Attitudes toward Andersen changed after the Revolution, due to the author's clearly stated Christian beliefs. Vladimir Lenin's wife, Nadezhda Krupskaya, excluded his fairy tales from educational programs in early Soviet Russia, and the religious content of the stories faced the chop.

"Andersen included many quotes from the Gospels, and his lines of poetry are purely religious," Diodorov said. "That was all cut out, and the editing was often done in such a way that the content and the moral of the story changed. Naturally, the artist illustrating the text followed this ideology."
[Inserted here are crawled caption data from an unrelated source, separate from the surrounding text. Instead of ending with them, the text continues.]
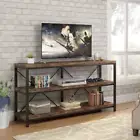 BYBLIGHT Console Tables Wood Metal Shelves Storage Console Table Rustic Brown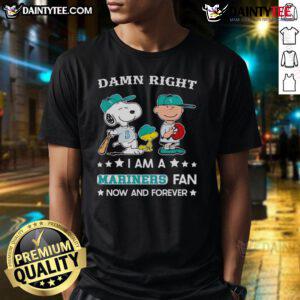 Alt Text: Awesome Mariners Fan T-Shirt featuring Snoopy and Charlie Brown - Perfect for loyal Seattle Mariners supporters.
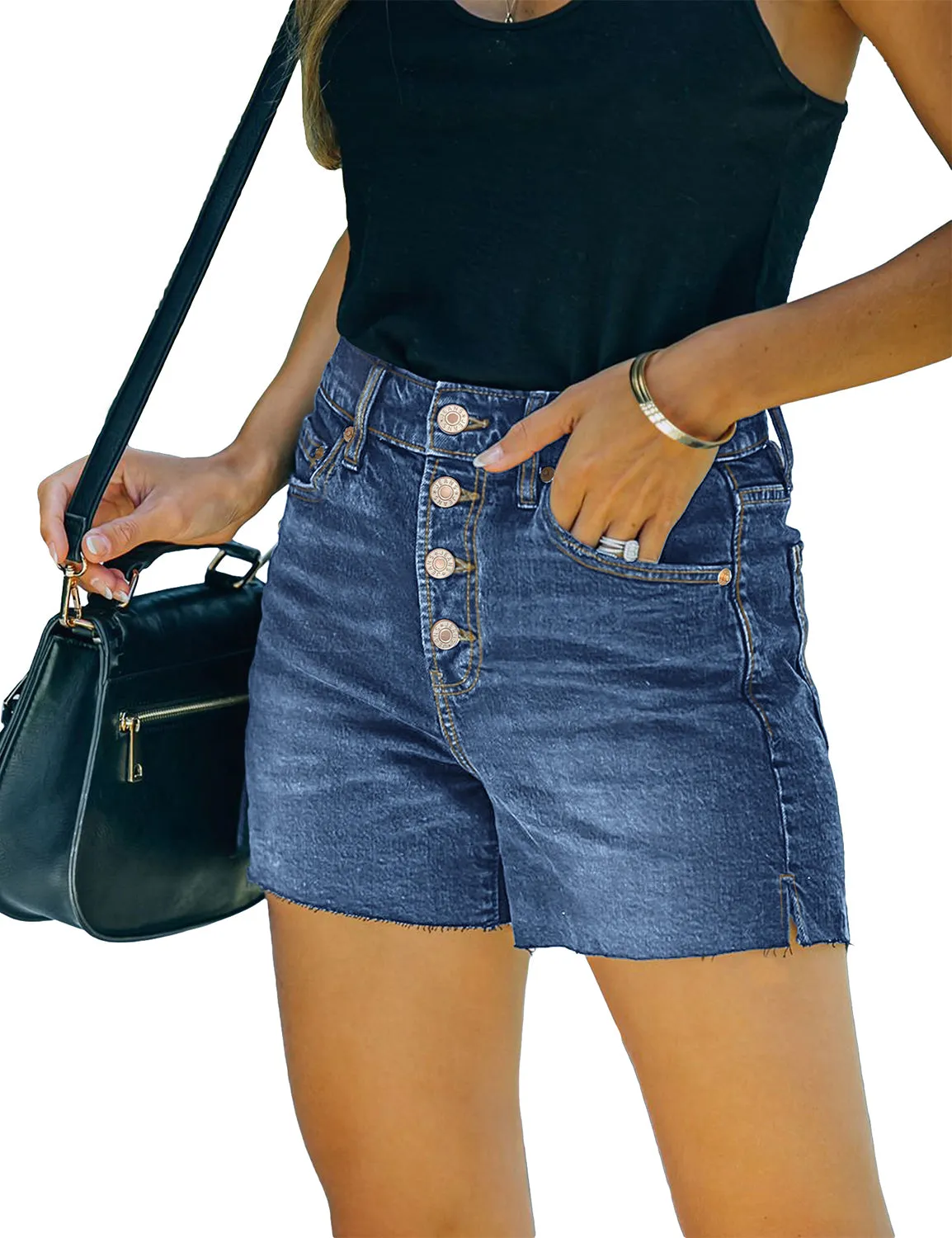 Blue Raw Hem Button-Up Denim Shorts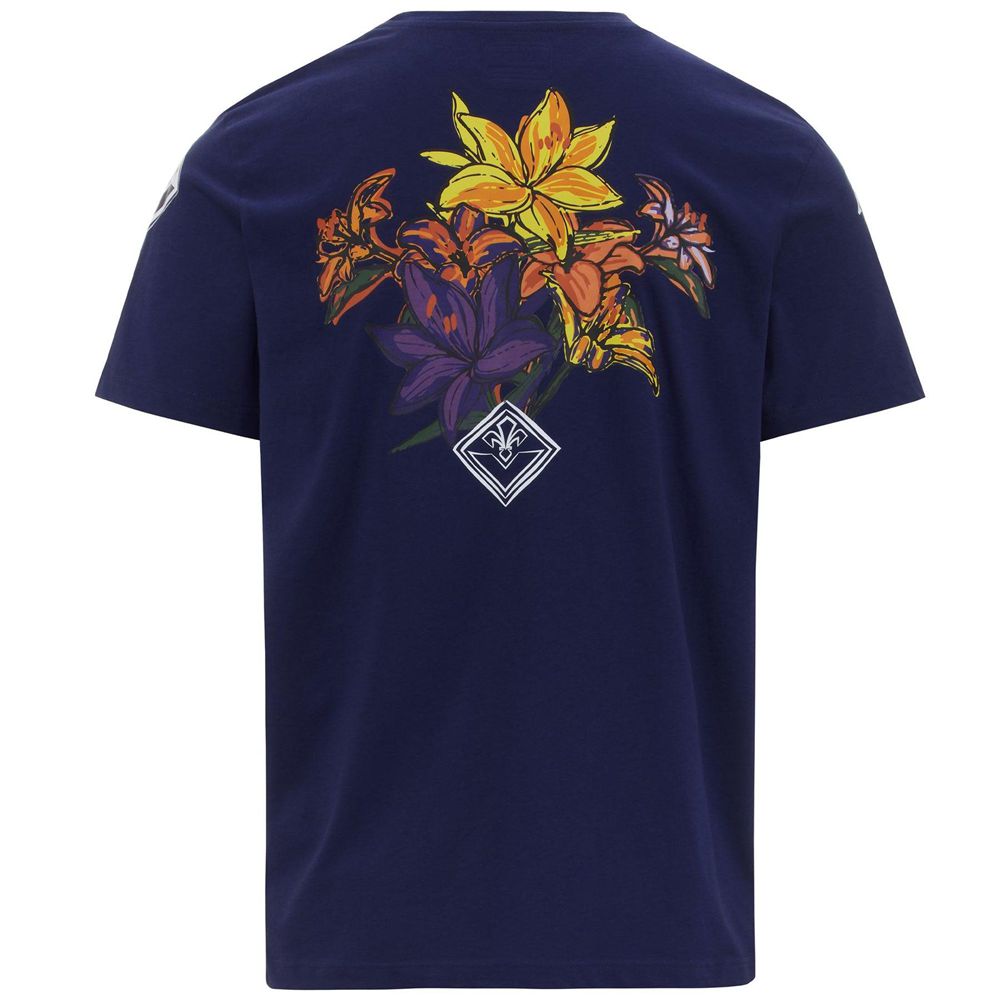 Men Kappa Ferrox Fiorentina T-Shirt Navy | 624083-JWL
In the 1940s and 1950s, professional illustrators found themselves squeezed out by Socialist Realist painters, such as Anatoly Kokorin and Valery Alfeyevsky, Diodorov explained. The exhibition documents this change, with large spreads of black-and-white book illustrations by Alfeyevsky and colorful ink drawings by Kokorin for the Malysh publishing house.

Now, in order to protect the bottom line, many fairy-tale books are illustrated by "tasteless and unprofessional hacks," Diodorov said. The cost of publishing without state support makes hiring a talented illustrator prohibitively expensive, he complained.

The artist started illustrating Andersen in 1980, when an Austrian publisher held a competition to illustrate "The Snow Queen." Although the rules stipulated one picture, Diodorov drew a triptych. "I suddenly read my favorite story from childhood in a completely different way," he recalled. "I saw its monumental quality, the absolutely bottomless philosophy in a children's book."

Nine years later, Diodorov took part in a Paris exhibition, where a French publisher commissioned him to continue working on the "Snow Queen" illustrations. "From that time on, very slowly, without any hurry, I have been working on fairy tale after fairy tale," he said. So far the total is three. The artist's work is in the collection of the Hans Christian Andersen Museum in Odense, Denmark.

While Andersen never visited Russia, he was interested in the country's literature and owned a manuscript of a poem by Pushkin. Hence the Alexander Pushkin Museum is an appropriate place to hold the exhibition, Galina Simonova, a cultural adviser at the Danish Embassy, said Wednesday. "It's a kind of home for Hans Christian Andersen here in Moscow."

April marked the 200th anniversary of Andersen's birth, and celebrations are due to continue until December, Simonova said. Events include the publications next month of Diodorov's coffee-table book, which includes illustrations by more than 200 Russian artists, and a new, unbowdlerized Russian translation of Andersen's fairy tales, to be released by Vagrius.

Last summer, a competition was held in Moscow to design a monument to Andersen. The winning group of four artists included Alexander Rukavishnikov, known for his statue on singer Vladimir Vysotsky's grave. Their 4-meter-high sculpture of the seated author remains unfinished, Diodorov said. Now the plan is for the work to be unveiled on Andersen's 201st birthday next year, in the outlying Marino district.